**Exercise instructions**
In the entries that follow, find the line containing "Yarn For Crocheting" and the line containing "HOMCOM Mobilier unghiular", then copy exactly everything from the first through the second except the pictures.

**Provided data**
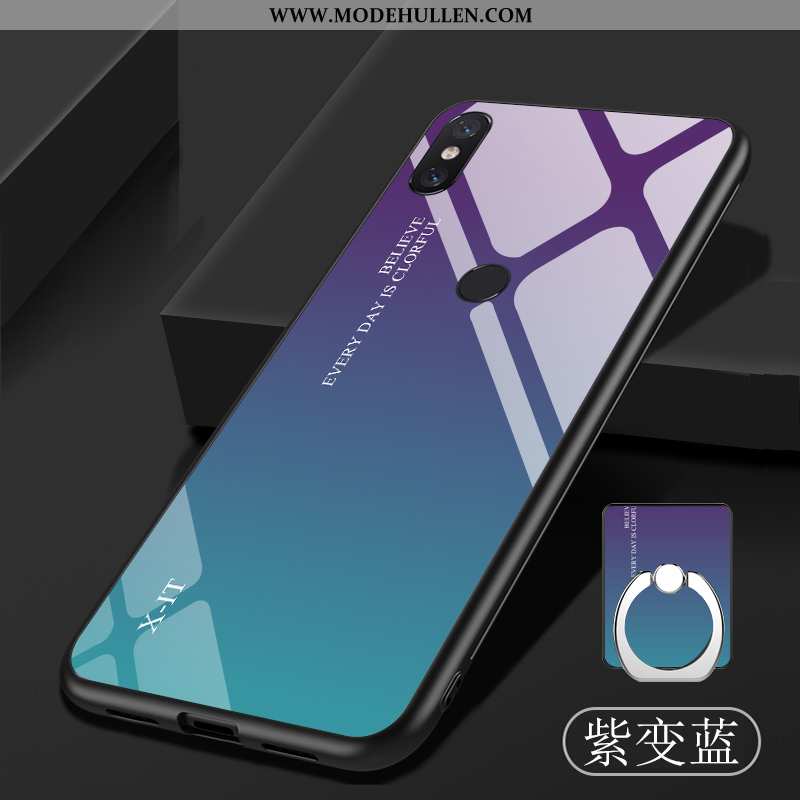 Hülle Xiaomi Mi 8 Pro Trend Weiche Temperieren Glas Muster Farbverlauf Mini Blau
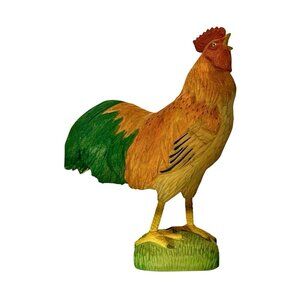 Rooster Sculpture Carved Wood Figurine with Glass Eyes Vintage Farmhouse Decor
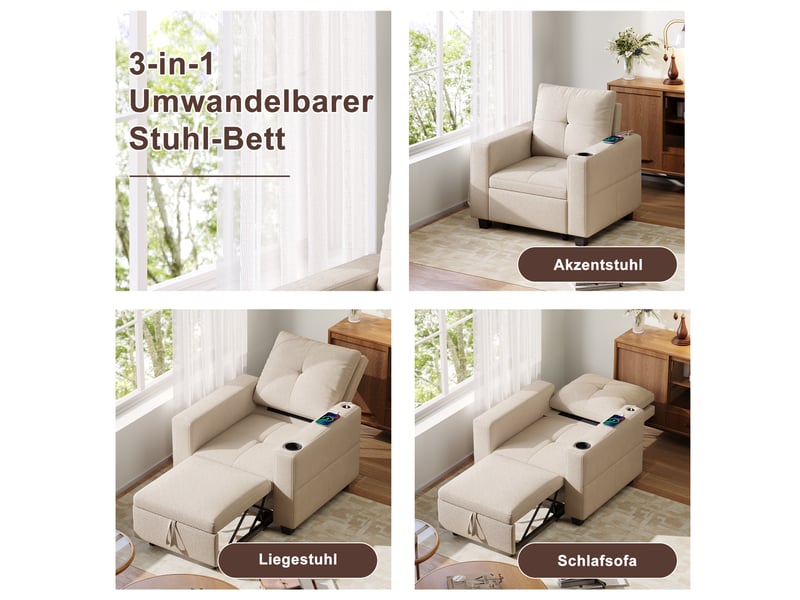  Fauteuil-lit 1 place crème en chenille convertible 3-en-1, dossier 5 positions avec tablette pliable et porte-gobelet  - Conforama D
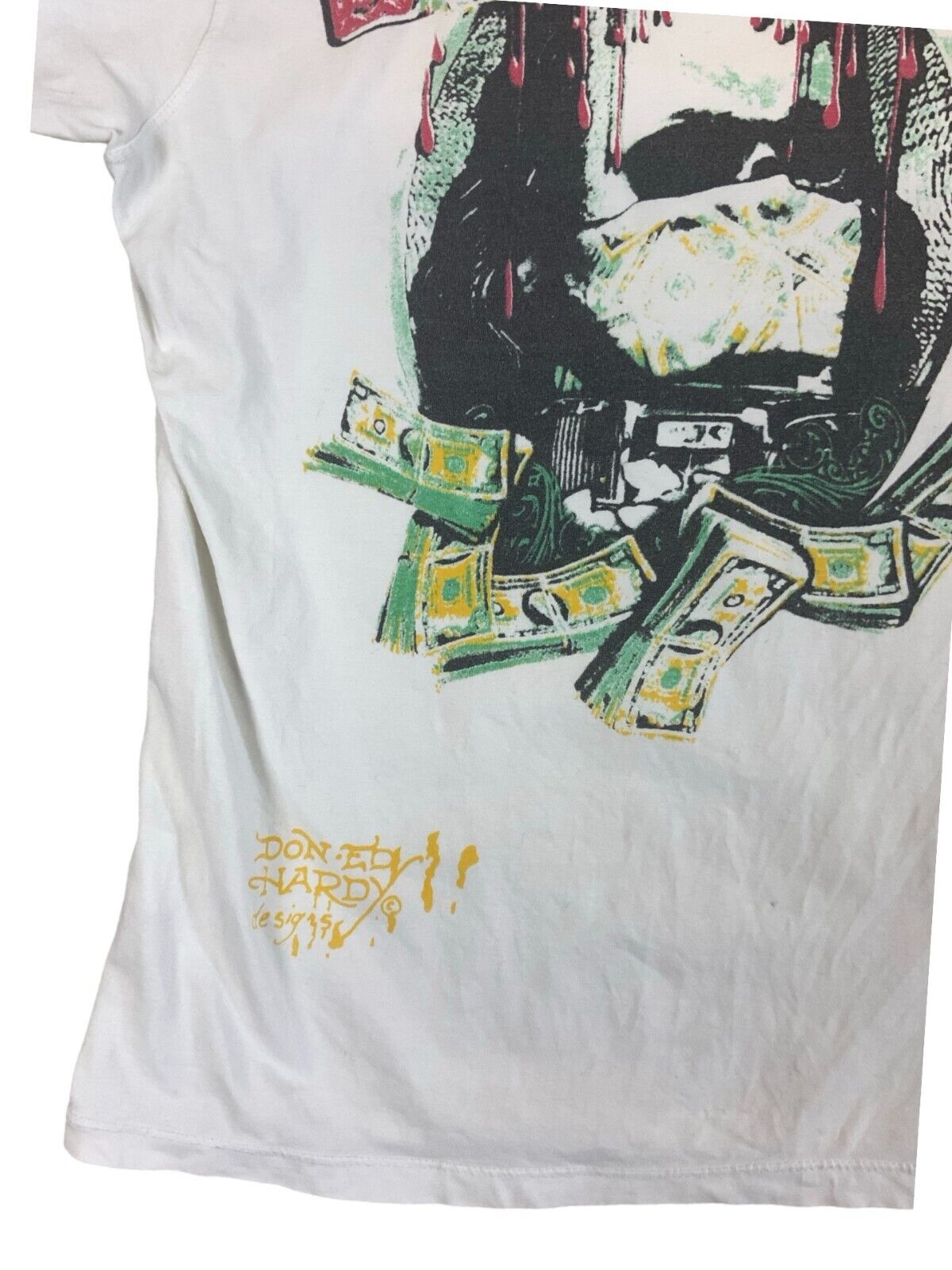 ED HARDY Y2K WHITE GRAPHIC ALL OVER PRINT GEMSTONE TEE SIZE M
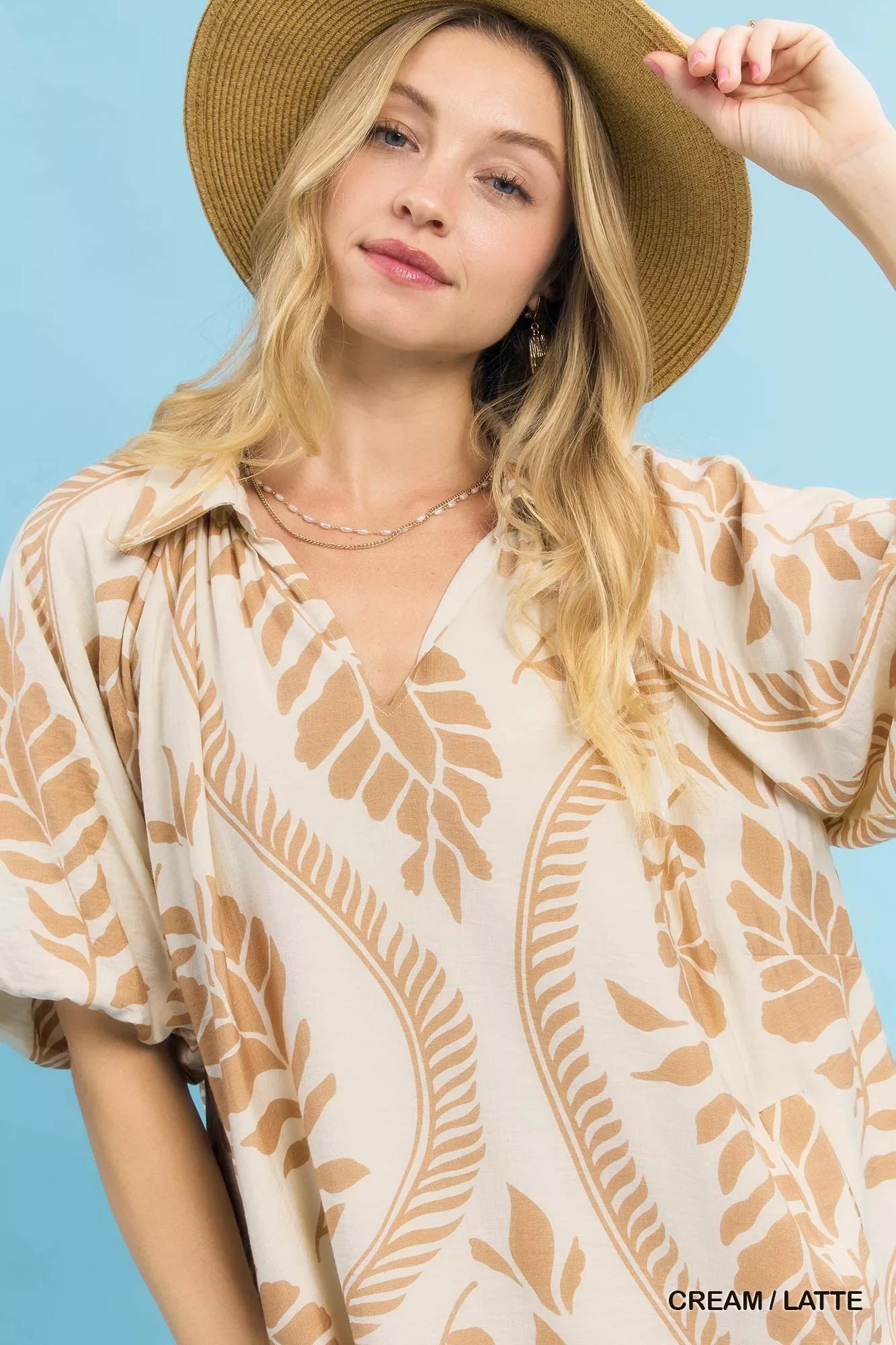 Leafy Ogee Print Mini Dress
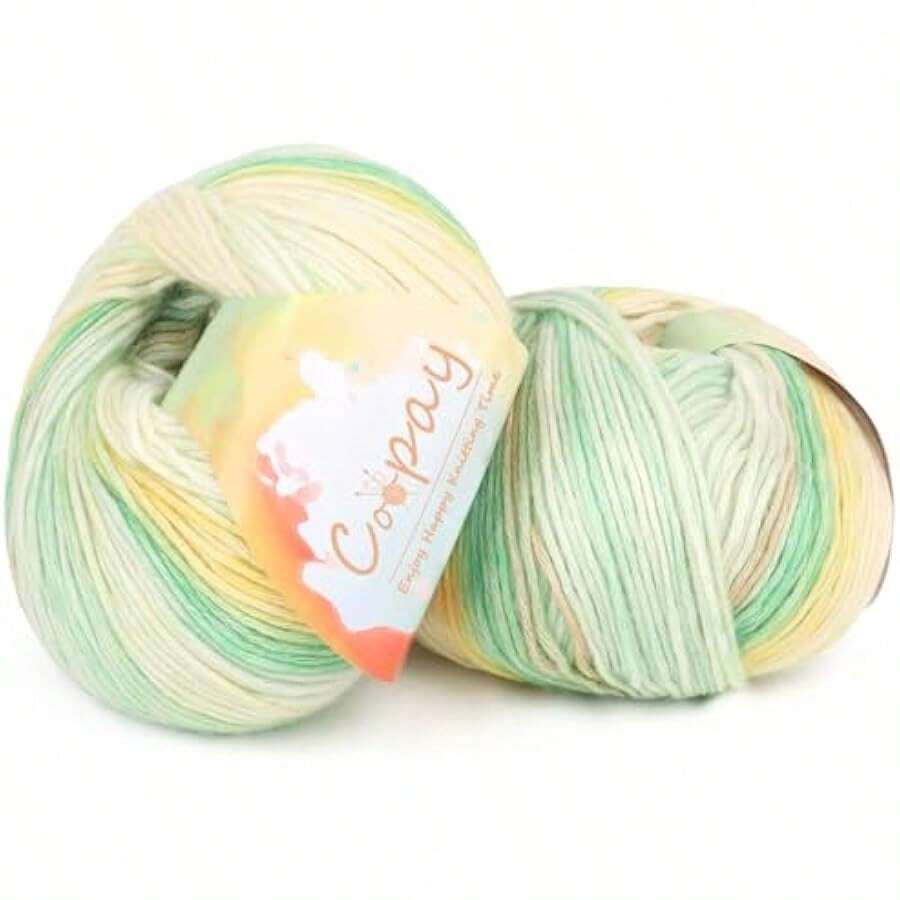 Yarn For Crocheting Knitting, Gradient Cake Yarns, 2 * 3.53oz - 240yds - 50% Cotton 50% Acrylic Ombre Yarns, Crochet Yarn For Blankets, Shawls, Scarves (102 Rainbow) Local Shipping - 205 格林菲爾德 - 查看 1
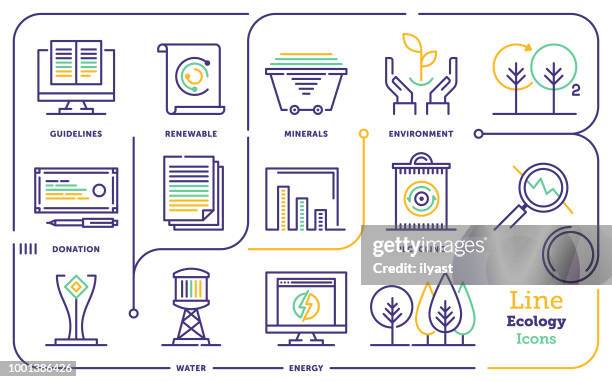 ecology line icon set - data reporting stock illustrations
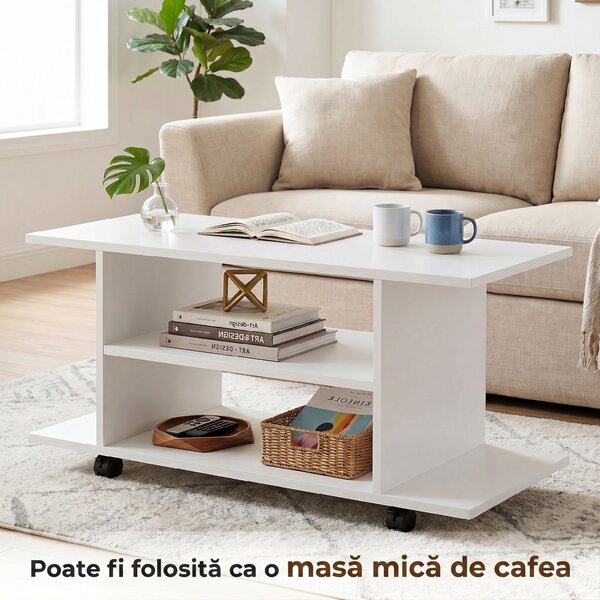 HOMCOM Mobilier unghiular cu roți și rafturi, până la 42", alb | Aosom Romania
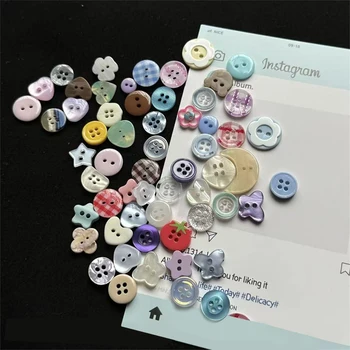 40PCS Cream Color Button Blind Box Mixed Style-Ins Wind Decor for Hand AccountDIY Doll Clothes Accessories Beaded Jewelry Making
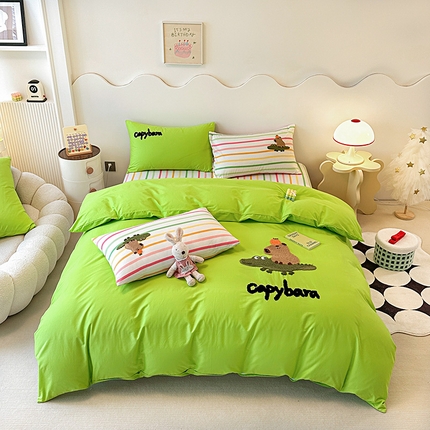 91家纺网 家纺一手货源 找家纺 （总）其奥家纺 2025新款毛巾绣全棉四件套纯棉学生三件套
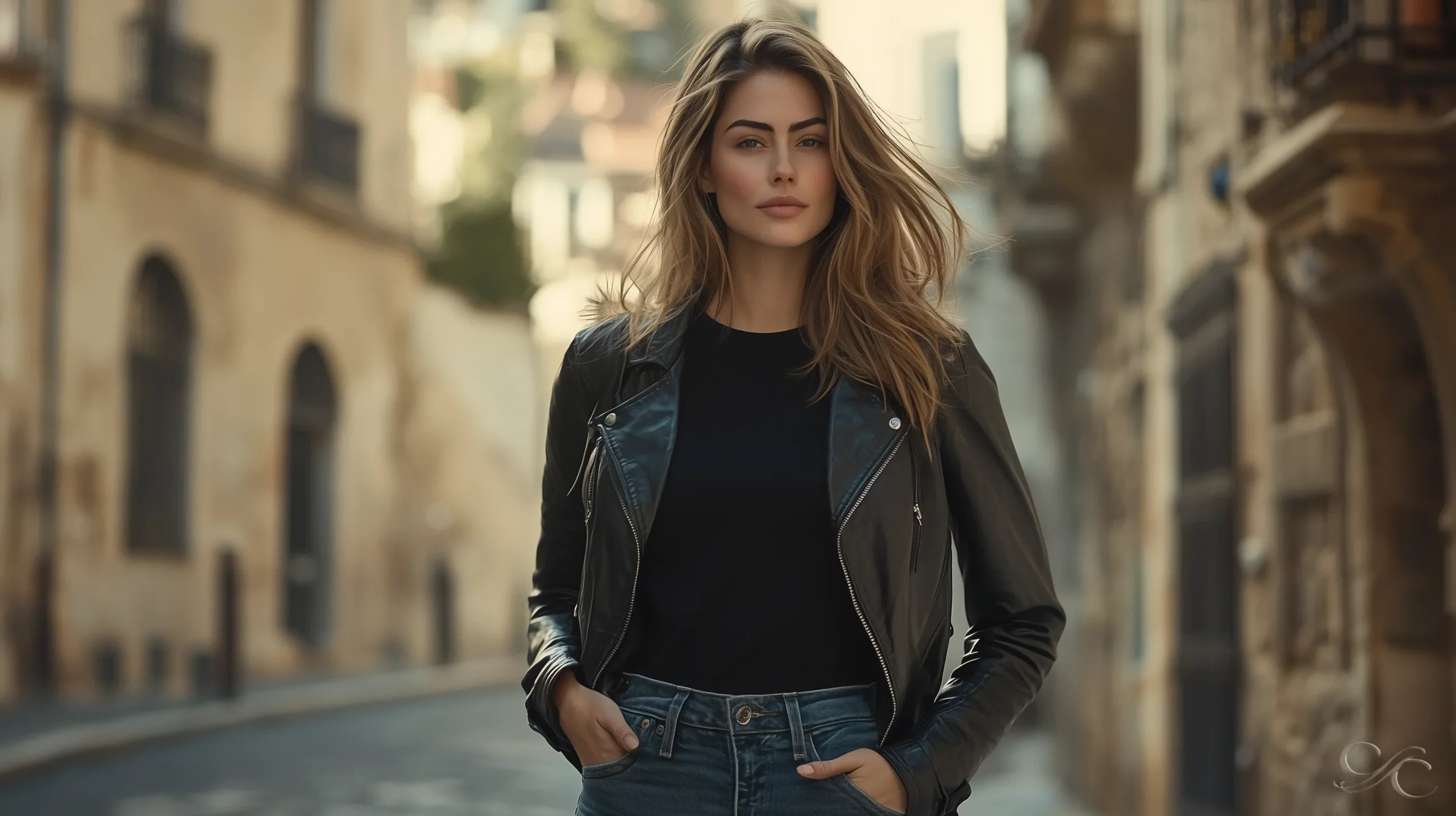 A person in a jacket stands confidently on a narrow, historic street.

**Your solution**
 Yarn For Crocheting Knitting, Gradient Cake Yarns, 2 * 3.53oz - 240yds - 50% Cotton 50% Acrylic Ombre Yarns, Crochet Yarn For Blankets, Shawls, Scarves (102 Rainbow) Local Shipping - 205 格林菲爾德 - 查看 1
 ecology line icon set - data reporting stock illustrations
 HOMCOM Mobilier unghiular cu roți și rafturi, până la 42", alb | Aosom Romania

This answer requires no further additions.